I don’t think we have the data to make judgements about viability of OpenSim as a platform for a MOOC. As far as cognitive load is concerned, my experience with students is that they’re operational in about 30 min, less if you stop them fiddling with appearance — Leicester say much the same. Obviously it depends on what you want them to do and you streamline the environment to simplify/focus the experience. Of course, the platform doesn’t suit everyone or everything but you work with the affordances at hand.
As far as this MOOC is concerned, we have 6 online on the main site as I type and there were ~60 for the webinar today. Not really scary numbers.
As far as accessibility is concerned — it actually simplifies design decisions in a rather helpful way. The Radegast viewer helps too as I’m sure you know.

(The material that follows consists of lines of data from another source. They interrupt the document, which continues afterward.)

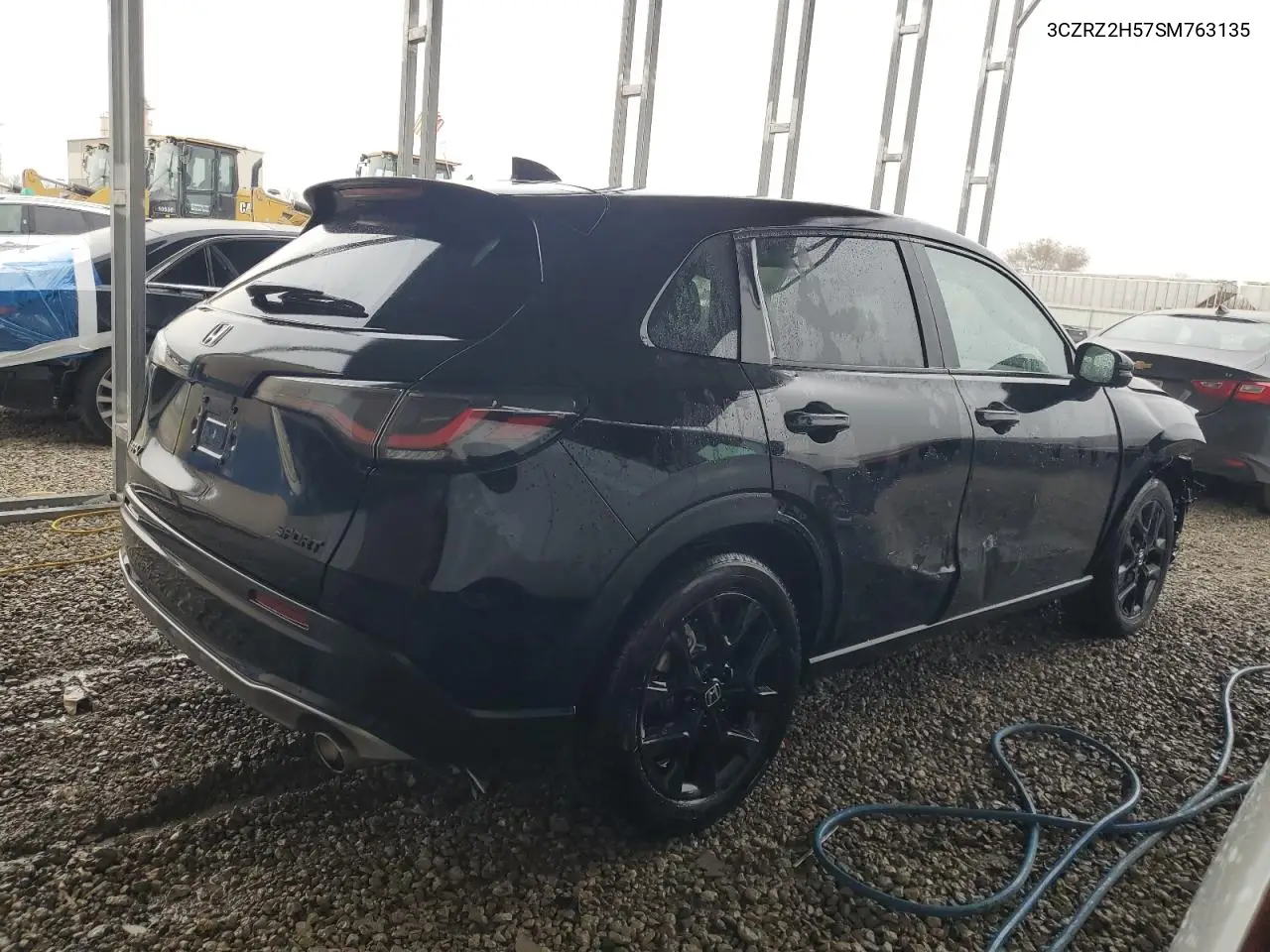 3CZRZ2H57SM763135 2025 Honda Hr-V Sport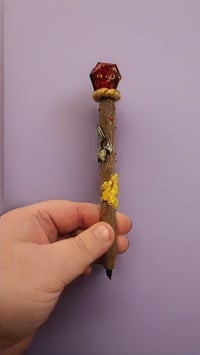 Image 1 of D20 dragon pen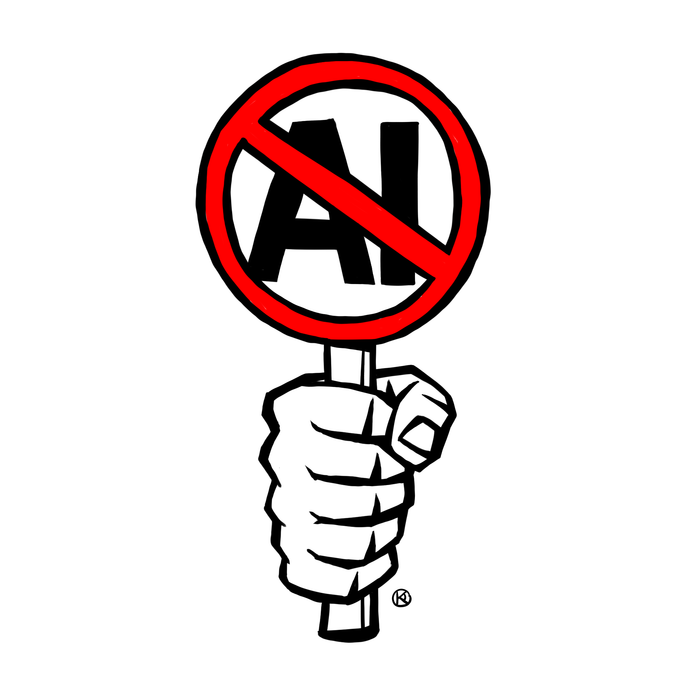 NO AI!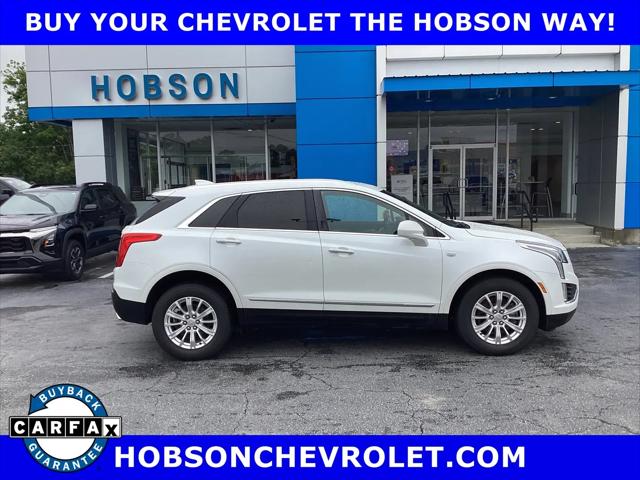 2019 Cadillac XT5 Standard for sale in Cairo, GA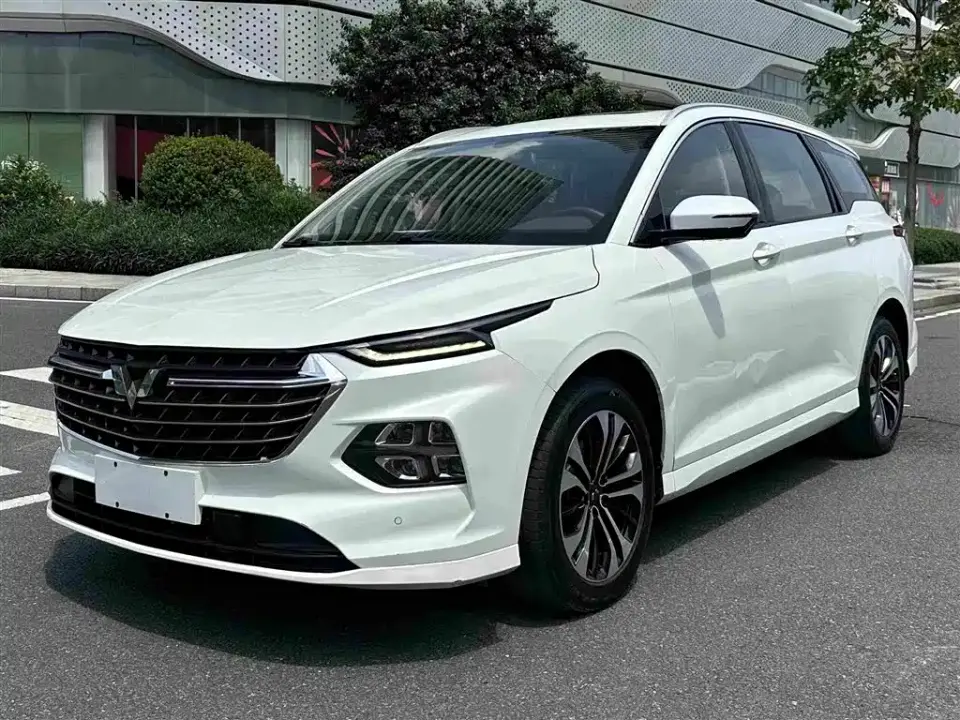 Wuling Motors Wuling Victory 1.5T CVT Flagship 2020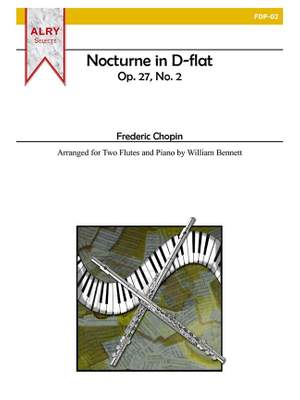 Frédéric Chopin: Nocturne In D-Flat
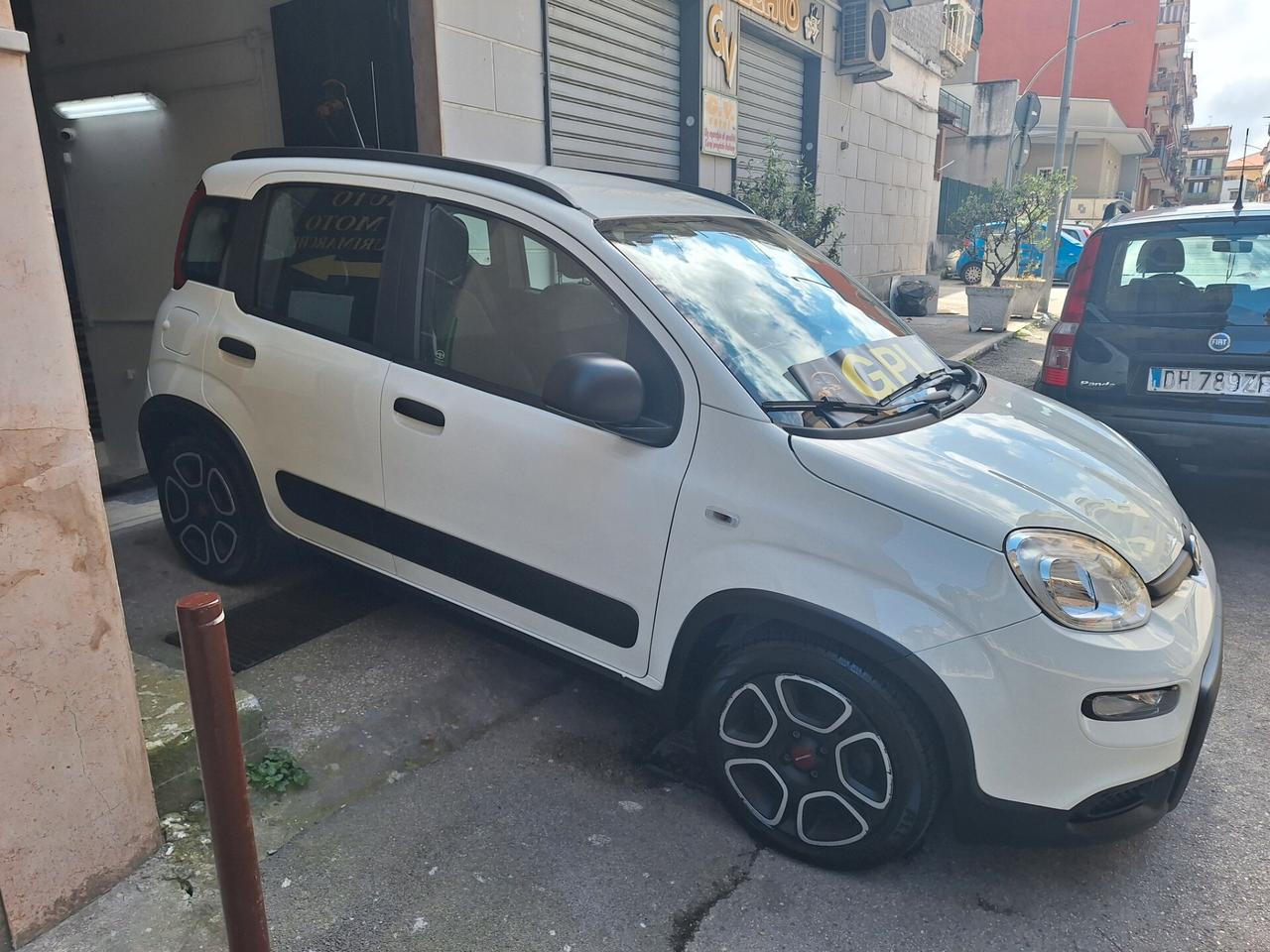 Fiat Panda 1.2 EasyPower City Life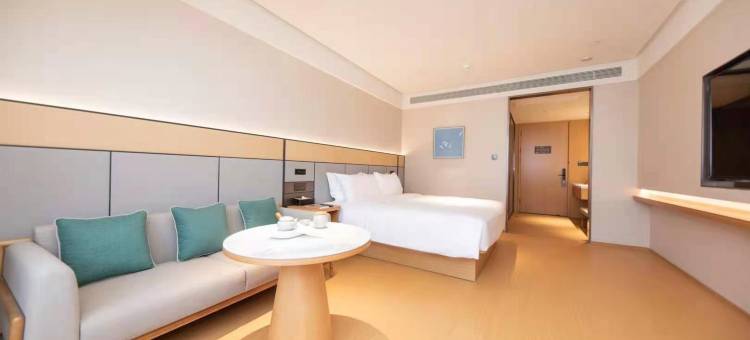 全季酒店(徐州大学路怡和广场店)图片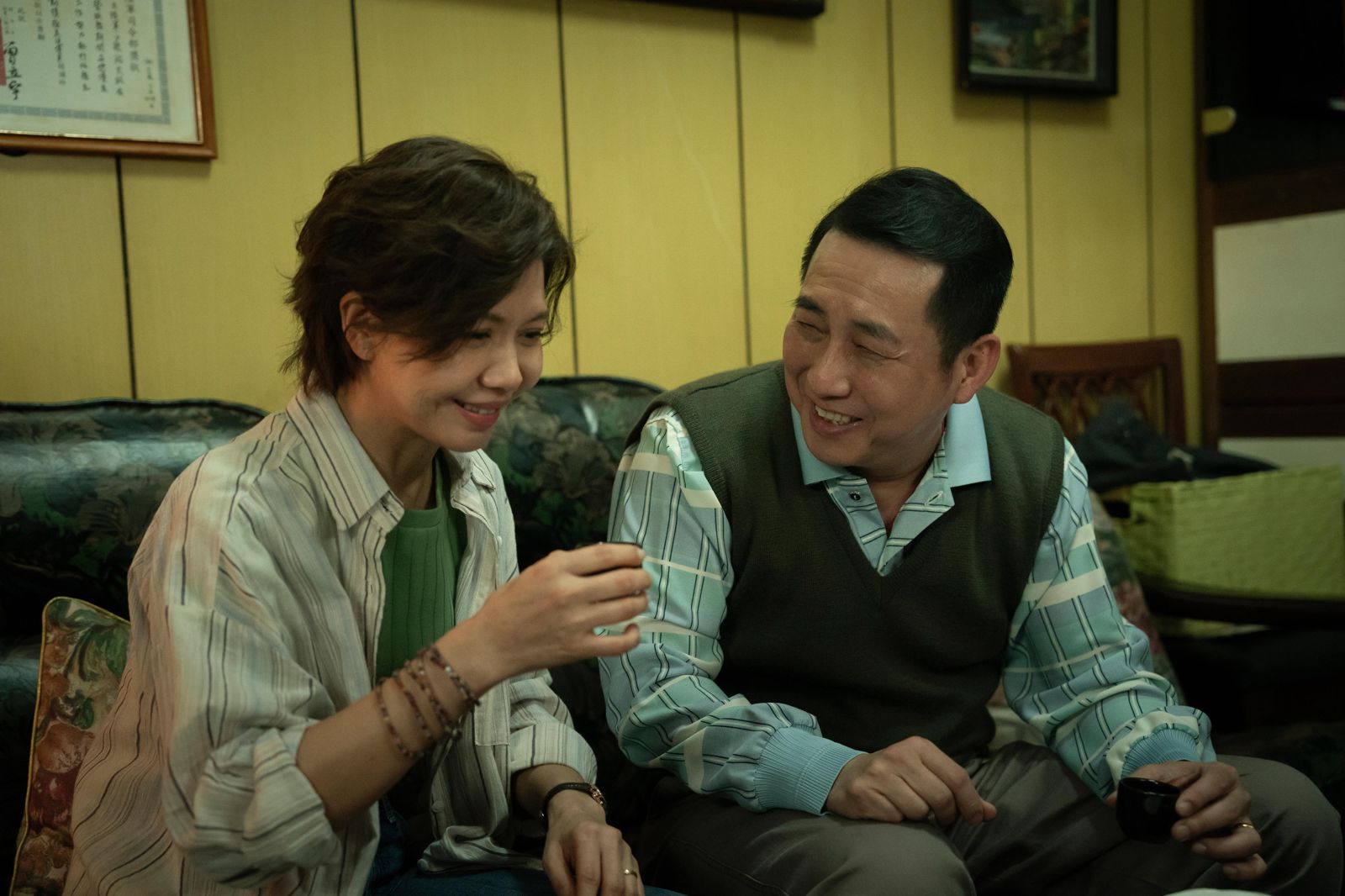 《與惡2》收視率眼看就要破1％　新高點落在于子育、張翰橋段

More generally I think there’s a danger that one buys into the text-based, mega-MOOC groupthink unquestioningly. That’s all I was trying to say really.
Collaborate does pose that dilemma for many of us on the OS spectrum but it does seem to be more fit for purpose than BIgBlueButton for example.
I agree that the current numbers on octel might be fine on OpenSim but not the numbers we had at the outset.
I would also come back to the asynchronous nature of our interaction on octel (or any mooc) – I am not sure that would work terribly well on OpenSim or another similar platform. But you may have ideas on that. I note the MA in VWs at UWE, with which I had limited contact earlier this year, still uses Blackboard though maybe that’s not a fair comparison.